= February 1955 =

Month of 1955

The following events occurred in February 1955:

==February 2, 1955 (Wednesday)==
- Died: Sir Paul Dalrymple Butler KCMG, 68, British diplomat

==February 3, 1955 (Thursday)==
- Died: Vasily Blokhin, 60, Russian general

==February 4, 1955 (Friday)==
- The Pact of Mutual Cooperation ("Baghdad Pact") was signed.
- British Navy W-class destroyer ran aground at Villefranche sur Mer, France. She would be refloated on 6 February by Marine Nationale and Marina Militare tugs.

==February 5, 1955 (Saturday)==
- An Australian National Antarctic Research Expeditions party led by Phillip Law visited a small island lying north of the Bølingen Islands and 2.5 nmi northwest of Cleft Island in southern Prydz Bay, Antarctica, which they named Lichen Island for the rich growth of lichens found there.
- Born: Debra Jo Fondren, American model and actress, Playmate of the Month September 1977 and Playmate of the Year 1978, in Los Angeles

==February 6, 1955 (Sunday)==
- Born:
  - John Kuester, American basketball player and coach
  - Micheal Pollan, American journalist, author, and academic
  - Bruno Stolorz, French rugby player and coach

==February 7, 1955 (Monday)==
- Born: Miguel Ferrer, American actor, in Santa Monica, California (d. 2017, throat cancer)
- Died: William J. Whittemore, 94, American painter

==February 8, 1955 (Tuesday)==
- Nikolai Bulganin became the new Chairman of the Council of Ministers of the Soviet Union, succeeding Georgy Malenkov.

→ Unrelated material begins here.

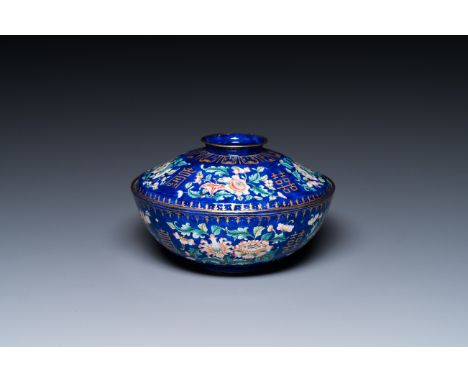 Full title: A Chinese blue-ground Canton enamel bowl and cover, QianlongDescription:Dia.: 15,5 cm - H.: 9,5 cm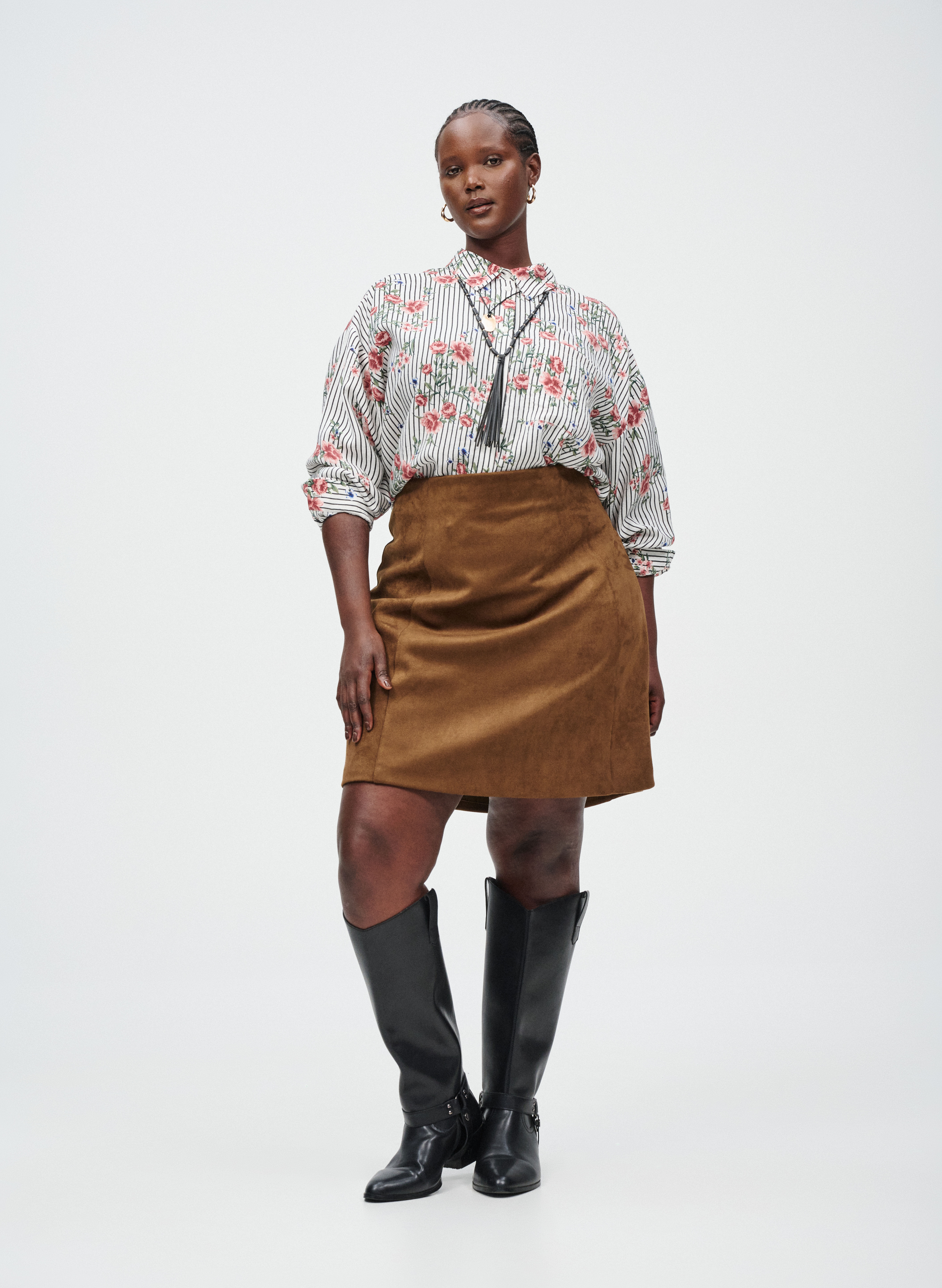 Paita, jossa on kukkakuvio, , Model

==February 9, 1955 (Wednesday)==
- Apartheid in South Africa: 60,000 non-white residents of the Sophiatown suburb of Johannesburg were forcibly evicted.
- Twenty nautical miles (37 km) southeast of the Tachen Islands, the People's Republic of China shot down a U.S. Navy AD Skyraider attack aircraft covering the evacuation of Nationalist Chinese forces from the islands.
- In Italy, the Rome Metro opened to passengers.

==February 10, 1955 (Thursday)==
- The United States Seventh Fleet helped the Republic of China evacuate Chinese Nationalist army and residents from the Tachen Islands to Taiwan.
- Born: Chris Adams, English wrestler and judoka (d. 2001)

==February 11, 1955 (Friday)==
- Died: Ona Munson, 51, American actress

==February 12, 1955 (Saturday)==
- U.S. President Dwight D. Eisenhower sent the first U.S. advisors to South Vietnam.
- Died:
  - Thomas J. Moore, 71, Irish-American film actor
  - S. Z. Sakall, 72, Hungarian actor

==February 13, 1955 (Sunday)==
- Sabena Flight 503: Douglas DC-6 of the Belgian airline company Sabena crashed into Monte Terminillo near Rieti, Italy, killing all 29 people on board.
- Died: Marcella Mariani, 19, Italian actress and model, passenger of Sabena Flight 503

==February 14, 1955 (Monday)==
- The West German cargo ship collided with and sank in the English Channel off Dungeness, Kent. All fifteen crew were rescued by Sunny Prince and landed at Dover.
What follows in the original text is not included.